En su segundo viaje, en 1831, FitzRoy regresa con los tres fueguinos sobrevivientes y un joven Charles Darwin, quien aprueba las maneras que han adquirido viviendo como los ingleses, en internados. Sus nombres en inglés son Jemmy Button, Fuegia Basket y York Minster. Sus nombres son Orundellico, Yokcushlu y Elleparu. Los yaganes que Darwin conoce en isla Navarino, en contraste, lo repugnan. El hombre cuyas agudas observaciones y mente abierta inician una revolución científica escribe que “son tan ladrones y caníbales tan descarados que naturalmente uno prefiere [dormir en] cuartos separados”. A Darwin no le gusta codearse con los parientes de sus compañeros de viaje fueguinos.

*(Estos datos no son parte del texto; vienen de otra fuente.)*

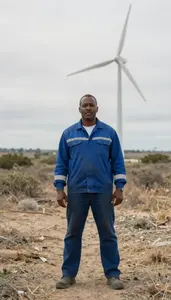 Male Wind Turbine Technicians Professional Stock Image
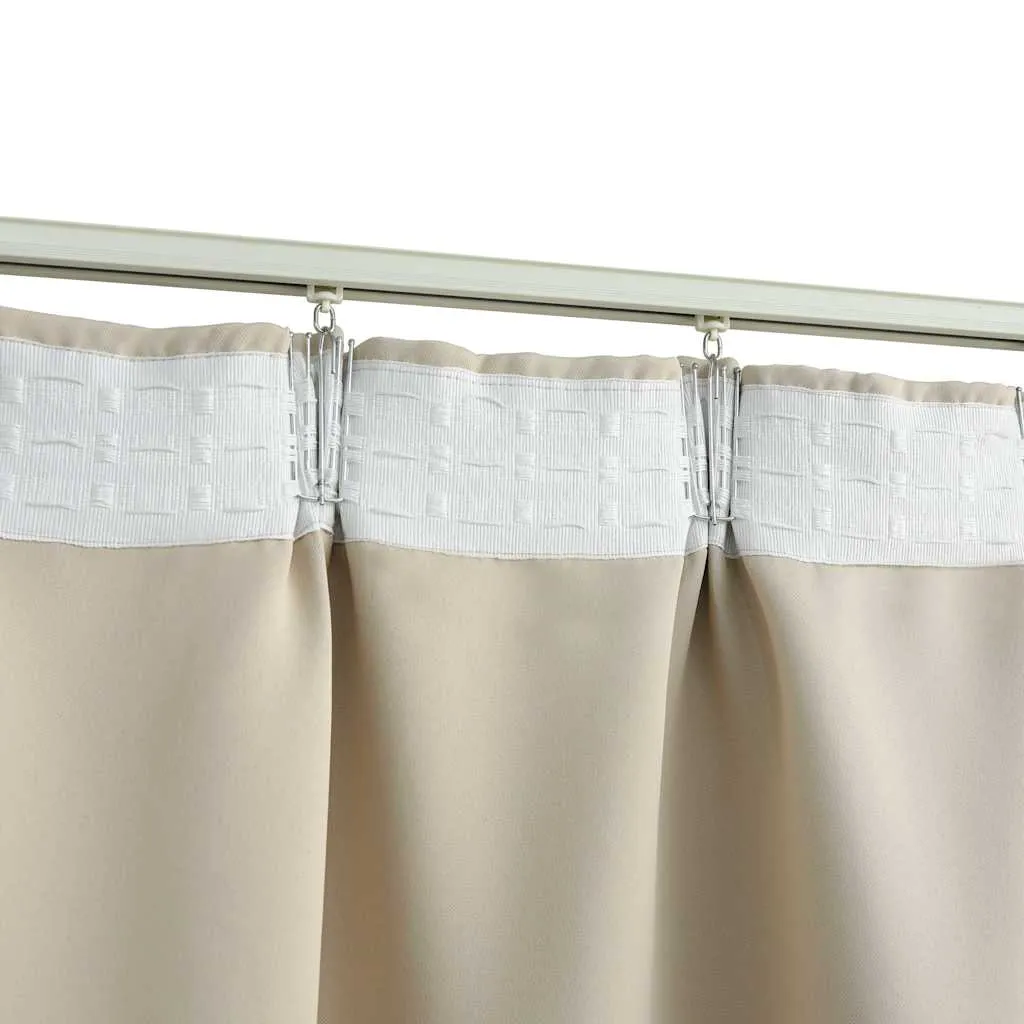 Beiger Vorhang 290 x 245 cm mit Metallhaken, 100% Polyester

Cree que se comen a sus abuelas.
Los europeos son como los conejitos de las baterías Energizer, nada los detiene: ni los meses que pasan en estrechos barcos de madera, ni los mares traicioneros, ni el mal tiempo, ni la mala comida, ni el riesgo de morir. Siguen llegando. Como en las películas de zombis, la trama nunca cambia, solo los actores. Los exploradores europeos vienen y van —tal como los monstruos de las pesadillas— y su falta de permanencia los hace manejables. ¿Los siguientes?, misioneros en busca de paganos. Así entra la nota grave de la desgracia, la siniestra insinuación de que la vida, para los yaganes, va a cambiar dramáticamente. Dios puede arrojar al caos el universo de cualquiera.
Hasta entonces, los yaganes eran dueños de su destino. El fuego los mantiene calientes —sobre la tierra y en sus canoas de corteza de árbol—, como probablemente también lo hace la grasa de mamíferos marinos untada en su piel. Pintan sus cuerpos con ocre rojo, carbón negro y arcilla blanca. La ropa —capas de piel de foca, taparrabos— es mínima. La tierra les regala árboles altos y rectos, hayas del sur a las que les quitan la corteza para fabricar canoas. El océano les ofrece un botín interminable: erizos de mar, mejillones, lapas, cormoranes, pingüinos, focas, leones marinos. A veces el mar otorga más de lo que una tribu puede pedir —una ballena que encalla es una oportunidad que se transmite a través de señales de humo a los vecinos—. La bondad y la generosidad son virtudes. Historias orales inspiradores guían a los vivos con enseñanzas como “el coraje loconquista todo” o “lo imposible se hace posible”. La espiritualidad abraza al mundo no humano: burlarse de los animales y los espíritus del agua es peligroso. Y como cualquiera de nosotros en su situación, los yaganes desconfían de los hombres peludos que viven sin mujeres.